Generosity
I'm taking the 10-month Path of Practice class at the Village Zendo. It's based on the Ten Paramitas, or "Perfections," a list of qualities that Buddhists should encourage in themselves, so we're more useful to others and grow our wisdom.
We're starting with Dana Paramita, the virtue of Generosity (same root as "donation"), and I'll share my reflections on it here.
I'm most generous to things, not to people. The consequences of my work may benefit people, but the way it feels to me, I'm motivated to improve or fix or create a thing. If that makes life better for others that's great, but it isn't the reason I do it.
I work as a programmer for 10gen, a startup developing database software. Part of my work is writing code, and part of it is providing support for customers. Early this week a customer complained to us that some records in their database had become corrupted and couldn't be parsed, probably because of some transient hardware problem. The problem wouldn't recur, but they really wanted those dozen records repaired. They have hundreds of thousands of users, and hundreds of millions of records, but these dozen records were broken and the customer wanted them fixed.
It probably would have been ok to say, "Sorry, those records are gone." Or at least, "We'll see if we can recover them some time soon." But I worked until 11 that night, and started again the next morning, diving into each record and examining it bit by bit, finding the 1s that should have been 0s and the 0s that should have been 1s. I had a sense of urgency, and irritation, that the data could be fixed, but I hadn't done it yet. There is no describing my relief when I was finished. It's one of the most satisfying things I've done.
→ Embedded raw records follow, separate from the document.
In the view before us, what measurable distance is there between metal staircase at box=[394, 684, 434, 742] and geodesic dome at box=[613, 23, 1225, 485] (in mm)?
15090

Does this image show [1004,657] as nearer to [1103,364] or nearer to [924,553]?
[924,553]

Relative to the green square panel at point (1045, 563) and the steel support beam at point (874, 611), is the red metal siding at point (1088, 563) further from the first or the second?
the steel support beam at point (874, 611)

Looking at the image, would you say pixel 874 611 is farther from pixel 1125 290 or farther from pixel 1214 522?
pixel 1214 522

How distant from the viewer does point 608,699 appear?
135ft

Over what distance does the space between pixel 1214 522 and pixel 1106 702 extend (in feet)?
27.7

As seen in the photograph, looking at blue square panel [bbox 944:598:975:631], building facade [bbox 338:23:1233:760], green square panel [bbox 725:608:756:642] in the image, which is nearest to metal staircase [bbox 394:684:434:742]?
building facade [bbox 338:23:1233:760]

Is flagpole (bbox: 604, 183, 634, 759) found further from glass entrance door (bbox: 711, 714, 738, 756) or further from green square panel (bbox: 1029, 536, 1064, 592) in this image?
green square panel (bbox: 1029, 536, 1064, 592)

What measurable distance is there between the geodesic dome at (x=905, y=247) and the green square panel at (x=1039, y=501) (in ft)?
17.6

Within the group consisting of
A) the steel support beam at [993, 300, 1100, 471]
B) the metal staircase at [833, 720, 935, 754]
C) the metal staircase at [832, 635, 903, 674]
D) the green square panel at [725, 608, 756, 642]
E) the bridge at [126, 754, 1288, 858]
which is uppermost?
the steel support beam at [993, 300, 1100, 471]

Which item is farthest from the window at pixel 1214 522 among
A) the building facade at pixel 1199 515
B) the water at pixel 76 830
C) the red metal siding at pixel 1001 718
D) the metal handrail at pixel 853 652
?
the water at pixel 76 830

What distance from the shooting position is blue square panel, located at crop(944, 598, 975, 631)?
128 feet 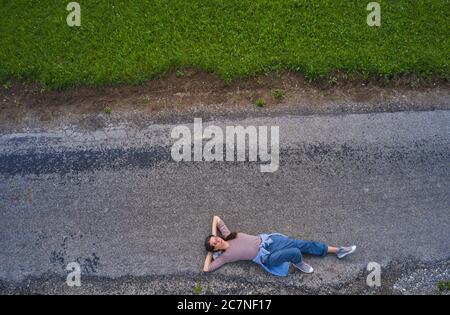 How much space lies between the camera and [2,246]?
7.10 m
I ran into my teacher, Enkyo Roshi, while I was buying lunch at Whole Foods. I described what I'd spent the last 8 hours doing and she said, "You're really deep in there. It must be like a body." It was like a body. I had to feel my way through the numbers.
That work was a great generosity, but it didn't occur to me at the time that I was being generous. And it probably didn't look like generosity. At the moments when I was giving the most, I was simultaneously drinking wine, playing techno, fixing the bits, and cursing the customer directly over instant messenger. (He's an old friend.) It didn't look like generosity because my compassion wasn't toward the customer, it was toward the data itself.
When my teacher named me Jiryu, she explained to me what the Chinese characters meant. "Ji" is maintaining, or fixing, and "Ryu" is a flow or a canal. She said my name connotes the person who maintains the irrigation canals in a rice field. I love this. Sometimes people say my name means "healing flow," but that sounds hippy and sentimental to me, and sort of menstrual. "Healing" is not inspiring to me, not like "fixing" is. I want to be a fixer.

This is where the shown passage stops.